• INFORMATION PROVIDED
——
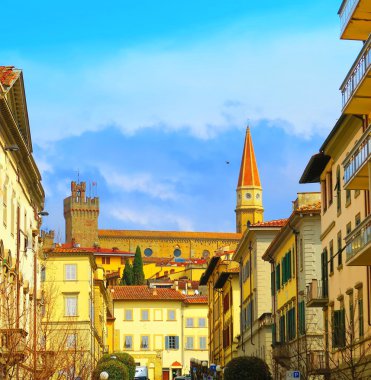 Arezzo Panoraması, Toskana, Italya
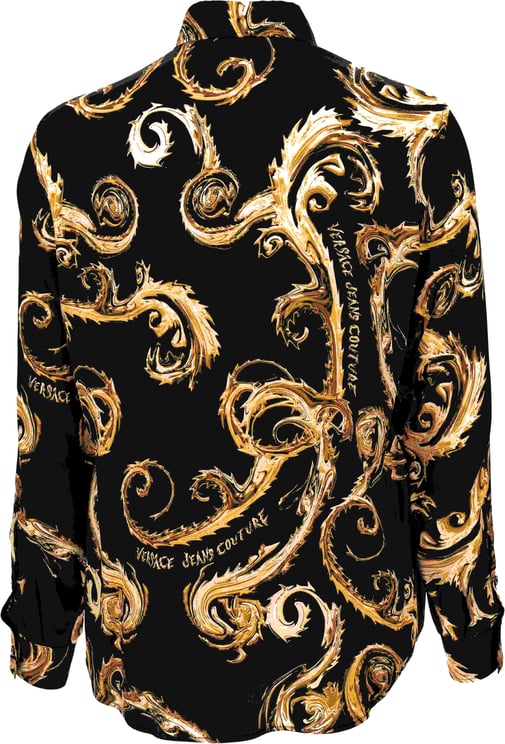 Versace Jeans Couture Shirts Black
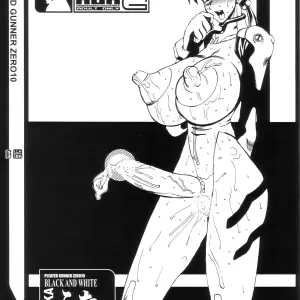 C64 HGH (HG Chagawa) Pleated Gunner #10: Futsuka (Evangelion) B&W Doujinshi - Page 2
——
Leave every picture out, and transcribe the data above exactly as it reads.

• TASK RESPONSE
 Arezzo Panoraması, Toskana, Italya
 Versace Jeans Couture Shirts Black
 C64 HGH (HG Chagawa) Pleated Gunner #10: Futsuka (Evangelion) B&W Doujinshi - Page 2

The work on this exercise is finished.